Scientists separate substances into many different categories according to their behavior towards different conditions for better understanding and easily remembering them. One of the ways to categorize substances is through their behavior on electricity, that is, how well they pass electricity through themselves. But how electricity passes through a substance? Of course that depends on what substance we are talking about.
In general, all atoms consist of a number of electrons that revolve around the atom core consisting of protons along with other particles such as neutrons. Atoms are bonded together to create individual molecules or a crystal network. Electricity is usually passed through material by the electrons that carry negative charge. They are extremely smaller than the atom core and the atom core itself is about 1/2000 of the atom size.

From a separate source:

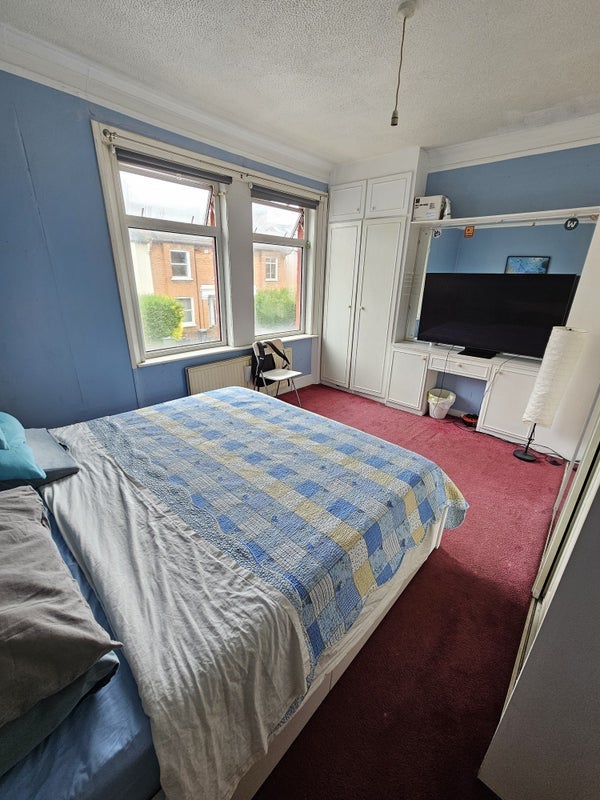 Room Wingford Road in Greater London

So you may wonder what fills the space around the atom core? It is filled with electrons equal in number to the protons in the core! They move so fast, almost close to the speed of light around the core in random paths so that no one can tell where the electron is. It is like electrons are everywhere in the empty space around the core, although their size is close to zero compared to this space surrounding the core. Actually each one of them orbits around the core in a specific range of distance from the core, called Orbital. Every electron falls in a different orbital depending on the energy it carries. That's why orbital is also referred to as Energy Band. The higher energy an electron has, the outer orbital it falls in. The lower energy electrons will be closer to the core and are much more stable, meaning that it is much harder to move them around and disconnect them from the core, unless with injecting a huge energy into the atom. But outer electrons already have a much higher energy level and disconnecting them from the atom requires much less energy. When they are disconnected from the atom, they would be able to get away from it, which results in an electrical current.

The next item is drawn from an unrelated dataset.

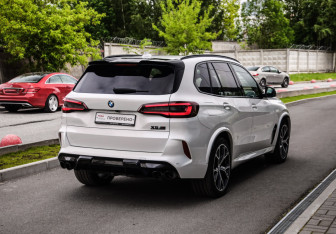 Подержанный автомобиль BMW X5 2021 года (7 фото)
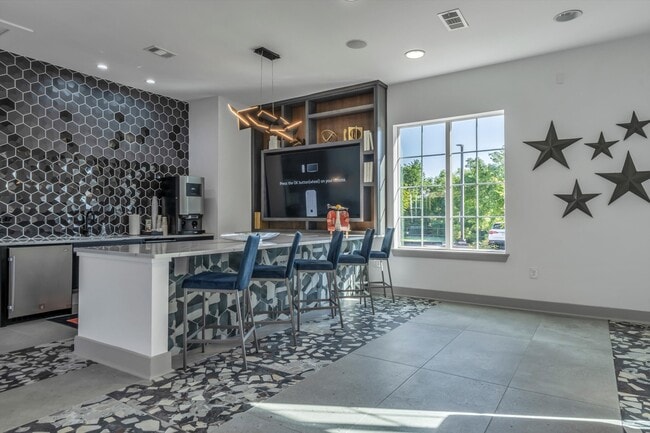 Building Photo - Rendezvous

Yet in some substances it is not as easy as it sounds, and in some it is very easy. This is how material are categorized into different divisions of electrical properties. There are four categories for electrical material: conductors, insulators or nonconductors, semi-conductors and super conductors. As the science goes further ahead, new categories maybe added, like the almost recently added super conductor category. These categories are discussed below.
Conductors, such as metals like copper, iron or gold are substances that very easily can pass the electricity. The electrons in their outer orbital have a high energy and are not firmly held by their atom cores. With only a very small energy they start moving out of the atom to shape an electrical current. Every substance can pass some amount of electricity through it. But only substances with a current flow in a noticeable or useful range fall in the conductor category.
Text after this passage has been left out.